See the values.yaml file for the general structure (more documentation coming soon).

Running the workload¶

Since the helm install semantics are centered around on-going installs, not jobs that run once, it's best to just run helm template and pipe the result to kubectl create.

Example command:

helm template . \
  -f overrides/llama-31-tiny-random-deepspeed-values.yaml \
  --name-template llama-31-tiny-random-deepspeed-alpha \
  | kubectl create -f -

Multiple overlays, simplified interface¶

This chart supports two ways of specifying certain inputs, one on the top level and one as part of the finetuning_config: - Training data can be provided as trainingData or finetuning_config.data_conf.training_data.datasets - The total batch size target can be provided as batchSize or finetuning_config.batchsize_conf.total_train_batch_size - The number of epochs to run for can be provided as numberOfEpochs or finetuning_config.training_args.num_train_epochs

The top level inputs provide a simpler interface to run finetuning. However, they're not enough alone to fully specify a sensible training setup. The expectation is that these top-level inputs are used in conjuction with a set of override files that specify most arguments. This is the expected way that the chart is used in conjuction with the so called Silogen developer console. An example of such use is:

helm template . \
  -f overrides/models/meta-llama_llama-3.1-8b.yaml \
  -f overrides/dev-console/default.yaml \
  --name-template llama-31-8b-argilla-alpha \
  | kubectl create -f -

Multiple overlays, general case¶

Multiple overlays can be useful for a CLI user as well. Here's an example that reproduces the output of tutorial-01-finetune-full-param.yaml:

helm template . \
  -f overrides/models/tiny-llama_tinyllama-1.1b-chat-v1.0.yaml \
  -f overrides/additional-example-files/repro-tutorial-01-user-inputs.yaml \
  --name-template tiny-llama-argilla-alpha \
  | kubectl create -f -

To check that the manifests match, we can run a diff and see that it is empty:

diff \
  <( \
    helm template . \
    -f overrides/models/tiny-llama_tinyllama-1.1b-chat-v1.0.yaml \
    -f overrides/additional-example-files/repro-tutorial-01-user-inputs.yaml \
    --name-template tiny-llama-argilla-alpha \
  ) \
  <( \
    helm template . \
    -f overrides/tutorial-01-finetune-full-param.yaml \
    --name-template tiny-llama-argilla-alpha \
  )

Tensorboard¶

Specifying runTensorboard: true and finetuning_config.trainings_args.report_to: ["tensorboard"] logs the training progress to tensorboard and serves the Tensorboard web UI from the training container. The tensorboard logs are also uploaded to the bucket storage for later use.
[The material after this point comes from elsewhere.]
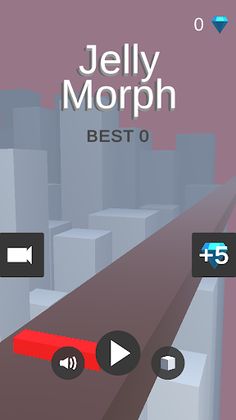 Jelly Morph - Screenshot 1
To connect to the Tensorboard web UI on the container, start a port-forward:

kubectl port-forward --namespace YOUR_NAMESPACE pods/YOUR_POD_NAME 6006:6006

Then browse to localhost:6006.

Note that the logging frequency is set by the HuggingFace Transformers logging options.

Best-known-configuration model overrides¶

The directory overrides/models hosts finetuning recipes for various models. The files are named according to model canonical names, which is the huggingface pattern of organization/model-name just changed into organization_model-name. These configurations have been shown to work well in experiments, but that does not guarantee that these exact parameters are always optimal. The best parameters still depend on the data, too.